Unpaid Overtime Problem Becomes Much Worse with Fraudulent 109907 / 25 / 2019
VANDERBILT v. BOAT BOTTOM EXPRESS, 2019 U.S. Dist. LEXIS 123284 (S.D.Fla. July 24, 2019)
IRS Form: IRS Form 1099-MISC
Tax Form Troubles: Filing of Form 1099-MISC deemed to be fraudulent, trial court awards statutory $5,000 damages, plus attorneys' fees
For labor law attorneys, looking to resolve unpaid overtime issues, this case may be of significant interest, as there are additional statutory damages potentially in play in any case where an employee receives a Form 1099-MISC issued under facts similar to this case. However, some caution is in order, as some courts have required that the allegations of a fraudulent 1099 must be specific to the amount paid, and not as to the characertization. Sims v. Unation, 292 So.3d 1286 (M.D.Fla. 2018)(an employer's filing of the wrong information form cannot establish liability under Section 7434, unless the form willfully misstates the amount of payment).
For further guidance, see also, Baker v. Batmasian, 730 Fed. Appx. 776 (11th Cir. 2018)(rejecting argument that Section 7434 claim can be brought by misclassified worker when Form 1099-MISC is provided to corporation that worker was required to form, on the basis that it should have been a W-2; court rules that the only party that can bring any such claim is the person identified on the form itself as the payee); Pitcher v. Waldman, 2012 U.S. Dist. LEXIS 152087 (S.D. Ohio 2012)(evidentiary issues created when 1099-MISC issued, with recipient claiming it was fraudulent because it was as to payment made to redeem stock under settlement agreement, while issuer claimed it was at best an honest mistake).

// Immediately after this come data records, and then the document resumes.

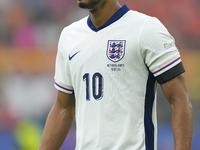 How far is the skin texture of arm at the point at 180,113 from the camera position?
1.61m

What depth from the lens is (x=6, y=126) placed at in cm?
573

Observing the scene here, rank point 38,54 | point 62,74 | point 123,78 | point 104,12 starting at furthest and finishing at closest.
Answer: point 38,54 < point 62,74 < point 104,12 < point 123,78

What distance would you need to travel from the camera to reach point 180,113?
1.63 metres

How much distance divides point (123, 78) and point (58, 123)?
22.3 inches

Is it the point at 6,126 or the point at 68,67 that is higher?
the point at 68,67

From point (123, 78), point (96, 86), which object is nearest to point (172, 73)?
point (123, 78)

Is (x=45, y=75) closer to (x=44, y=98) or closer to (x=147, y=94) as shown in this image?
(x=44, y=98)

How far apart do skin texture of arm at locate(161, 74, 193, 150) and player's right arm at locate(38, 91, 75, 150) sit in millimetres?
673

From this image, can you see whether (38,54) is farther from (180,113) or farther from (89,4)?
(180,113)

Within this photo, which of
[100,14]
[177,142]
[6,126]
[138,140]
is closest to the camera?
[177,142]

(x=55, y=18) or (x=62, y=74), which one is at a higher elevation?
(x=62, y=74)

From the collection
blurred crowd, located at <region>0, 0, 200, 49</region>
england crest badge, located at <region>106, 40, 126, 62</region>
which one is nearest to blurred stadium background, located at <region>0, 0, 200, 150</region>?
blurred crowd, located at <region>0, 0, 200, 49</region>

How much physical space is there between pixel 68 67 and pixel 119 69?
358 mm

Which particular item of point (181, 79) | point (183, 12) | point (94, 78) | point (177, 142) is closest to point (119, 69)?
point (94, 78) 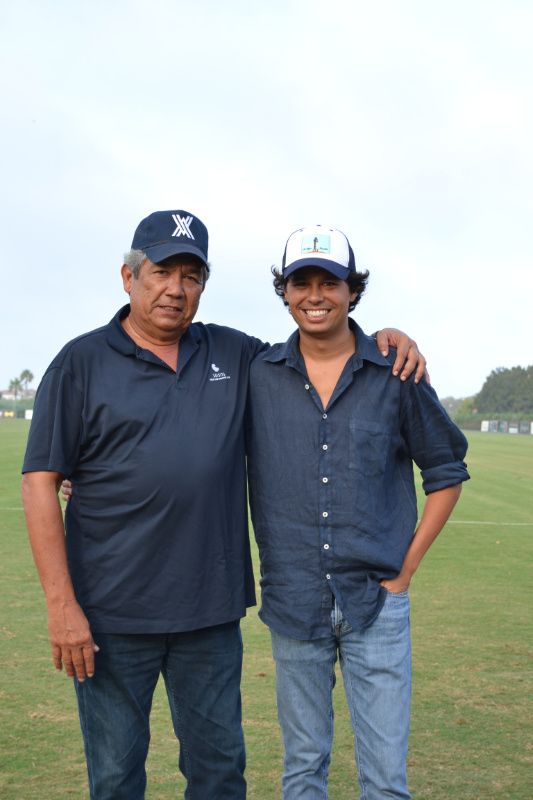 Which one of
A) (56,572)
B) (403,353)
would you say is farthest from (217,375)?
(56,572)

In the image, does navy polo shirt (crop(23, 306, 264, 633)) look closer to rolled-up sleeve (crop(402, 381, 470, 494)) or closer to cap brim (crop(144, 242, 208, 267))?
cap brim (crop(144, 242, 208, 267))

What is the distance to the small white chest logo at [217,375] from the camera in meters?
4.11

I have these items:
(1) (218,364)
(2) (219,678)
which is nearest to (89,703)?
(2) (219,678)

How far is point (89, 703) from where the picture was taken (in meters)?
4.00

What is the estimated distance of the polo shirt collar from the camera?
3.99 meters

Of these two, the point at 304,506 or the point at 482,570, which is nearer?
the point at 304,506

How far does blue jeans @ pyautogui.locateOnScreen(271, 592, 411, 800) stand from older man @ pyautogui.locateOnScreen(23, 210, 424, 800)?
32 centimetres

It remains to be seen how the courts will reconcile this aspect of the law.
In this case, Valeri Vanderbilt filed a Fair Labor Standards Act (FLSA) claim for unpaid overtime violations, fraudulent filing of a tax return (Form 1099-MISC) under Section 7434, and breach of contract, against defendants Boat Bottom Express, LLC, out of Ramrod Key, Florida and its alleged owner, Jeffrey Peer. Both defendants are reported to have defaulted. Plaintiffs moved for entry of final default judgment as to liability and set an evidentiary hearing to allow her to prove her unliquidated damages. Defendants did not appear th the June 22, 2019 hearing, but Plaintiffs presented 2 witnesses.
Ms. Vanderbilt testified that there was a verbal contract between her and Mr. Peer under which the company, BBE agreed to pay her $16 per hour to perform various tasks, and how for a total of 4 weeks, she opened and closed the business Monday through Saturday (working 8:30 am to 5:00 pm). She also testified that she had to work nights, taking calls from customers and handling other tasks for Mr. Peer and the business. As she testified, she ran everything.
The court calculated that she worked 63 hours per week, rather than the 40 hours with respect to which she was paid, with 23 hours totaling $2,208.00 (23 x $24/hour)(4 weeks). The court also awarded her liquidated damages in that defendants actions were viewed as intentional, rendering both defendants jointly and severally liable, for $4,416.00.
As for a breach of contract, the court found that a second contract was formed on an evening in mid-November 2017 in which after the initial 4 weeks noted above, she was then offered $1,000 per month plus 7% of BBE's yearly gross revenue (less costs of labor and materials) and she accepted the same. The 7% of gross revenue was put in a writing signed by both, as they then proceeded to whiteboard how they could grow the company after Hurricane Irma had hit the area. The court found that Ms. Vanderbilt continued to perform under the second contract until she was terminated in mid-October 2018, when a woman appeared and demanded her files, laptop and keys to a company car. The written contract was confiscated at the time as well. Ms. Vanderbilt attempted to testify that BBE gross revenue was around $650,000 per year, based on the QuickBooks she did every day, but she did not proffer any evidence in support of the cost of labor and materials beyond her salary of $1,000 per month. This was viewed as insufficiently precise to support a damages award for breach of contract.
Ms. Vanderbilt supported her claim under Section 7434 by testifying that she told Mr. Peer twice in the same week that she should be classified as an employee, only to receive in 2019, a Form 1099-MISC. It identifies her as receiving nonemployee compensation of $48,684.63 for 2018. As she argued, this evidences Defendants unlawfully giving false information to the IRS indicating that she was an independent contractor, when in fact, she was known to be an employee pursuant to the $1,000 per month verbal contract. She was not involved in the preparation of the Form 1099-MISC, nor in it being sent to the IRS, as she was no longer working for the company by that time. The court concluded that the company, listed as the Payer, furnished the document to the IRS and as such, is liable for a statutory damages penalty of $5,000, under IRC Section 7434. Attorneys fees were also awarded by the court.